Indeed, Maliki's failure to cultivate moderate Sunni leaders and ally his ambitions with theirs has left the Sunni population receptive to the presence of ISIS, even if the population does not dream of reclaiming Istanbul and all of Arabia for its purposes. That same Post story quotes a 33-year-old electrician saying of ISIS, "People are willing to give them a chance." In the absence of failed political leadership, people become disposed to extreme remedies. Ask Eric Cantor.
There are no good scenarios for the immediate future. The best to be hoped for in this situation is that the Kurds claim their territory, the Shiite government holds on to its territory, the ISIS forces decide it is more important to consolidate their hold on the cities they have already claimed and not seek to take over the rest of the country, and that international forces separate the three groups one from another and try to keep peace. Who knows if ISIS will march on Baghdad? It is worth trying to keep that from happening with limited air strikes if necessary, or else the bloodshed will be too horrible to imagine in this region of the world already drenched in blood.
The British-created myth of a united Iraq died this week, and no one should mourn it. But there is no good reason for thousands more to die. I do not relish the idea of leaving millions of civilians under the control of fanatics like ISIS, but I do not see any alternative. Here, I should add, President Obama's failure to help the moderate opposition in Syria two years ago has contributed mightily to the current unrest in Iraq. The ISIS fighters know that the West is all too willing to look the other way when atrocities are committed. If a bit of Western assistance can help keep the warring factions apart -- a real peace is too much to hope for, but at least an end to the killing -- that is a worthwhile goal. Propping up the inept regime of Nouri al-Maliki and its claims to the entirety of a nation that never really existed is not a worthwhile goal.
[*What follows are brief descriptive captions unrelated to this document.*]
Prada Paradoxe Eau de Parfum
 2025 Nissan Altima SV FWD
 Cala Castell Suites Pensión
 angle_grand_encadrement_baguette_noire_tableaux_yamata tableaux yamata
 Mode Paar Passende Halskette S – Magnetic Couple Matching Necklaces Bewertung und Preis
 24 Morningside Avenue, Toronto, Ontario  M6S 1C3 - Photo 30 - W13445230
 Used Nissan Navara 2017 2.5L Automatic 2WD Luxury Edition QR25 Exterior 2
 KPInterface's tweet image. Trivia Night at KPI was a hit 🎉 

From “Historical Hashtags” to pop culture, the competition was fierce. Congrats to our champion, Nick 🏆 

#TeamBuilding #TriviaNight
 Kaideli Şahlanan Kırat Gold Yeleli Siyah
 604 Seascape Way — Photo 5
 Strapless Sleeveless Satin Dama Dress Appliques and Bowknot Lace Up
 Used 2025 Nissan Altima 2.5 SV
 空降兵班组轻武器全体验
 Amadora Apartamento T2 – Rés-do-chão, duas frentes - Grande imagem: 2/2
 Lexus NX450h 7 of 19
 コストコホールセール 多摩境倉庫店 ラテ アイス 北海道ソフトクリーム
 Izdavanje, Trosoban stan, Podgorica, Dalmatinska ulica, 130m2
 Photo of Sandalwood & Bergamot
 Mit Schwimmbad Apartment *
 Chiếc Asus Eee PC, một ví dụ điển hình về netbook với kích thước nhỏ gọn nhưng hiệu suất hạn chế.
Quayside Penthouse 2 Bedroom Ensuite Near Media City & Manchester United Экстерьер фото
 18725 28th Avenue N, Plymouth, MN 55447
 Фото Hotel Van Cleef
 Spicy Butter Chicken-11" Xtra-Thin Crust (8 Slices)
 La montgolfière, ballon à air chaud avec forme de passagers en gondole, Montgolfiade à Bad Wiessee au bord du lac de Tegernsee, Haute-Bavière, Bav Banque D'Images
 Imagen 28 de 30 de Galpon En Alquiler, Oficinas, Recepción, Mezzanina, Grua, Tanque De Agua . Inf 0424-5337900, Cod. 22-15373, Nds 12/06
A final thought. Is anyone else tired of listening to those men who championed the Iraq War in 2003 and promised it would be a cakewalk -- Sen. John McCain, former Bush adviser Paul Wolfowitz and, perhaps most of all, Bill Kristol -- opine on what should be done now? If you go back and listen to the promises that were made, the predictions of being greeted as liberators, the easy dismissal of the possibility of ethno-religious strife and, especially, the confident claims about a peaceful democratic future for Iraq, you get the feeling you get when you look in a funhouse mirror. You recognize what you see and hear, but it is all distorted. McCain, Wolfowitz and Kristol all thought they were doing the right thing. No one can or should impugn their motives. But we should recall the sage warning of Reinhold Niebuhr: "A too-confident sense of justice always leads to injustice." The architects of the second Iraq War may have convinced themselves of the perpetual efficacy of U.S. military intervention. Their arguments, given their track record, should not convince the rest of us. It is a time for small ambitions. It is an Augustinian time. U.S. policy should aim to stop the killing. That is enough for now and, in the event, may be the only thing we can reasonably hope to achieve.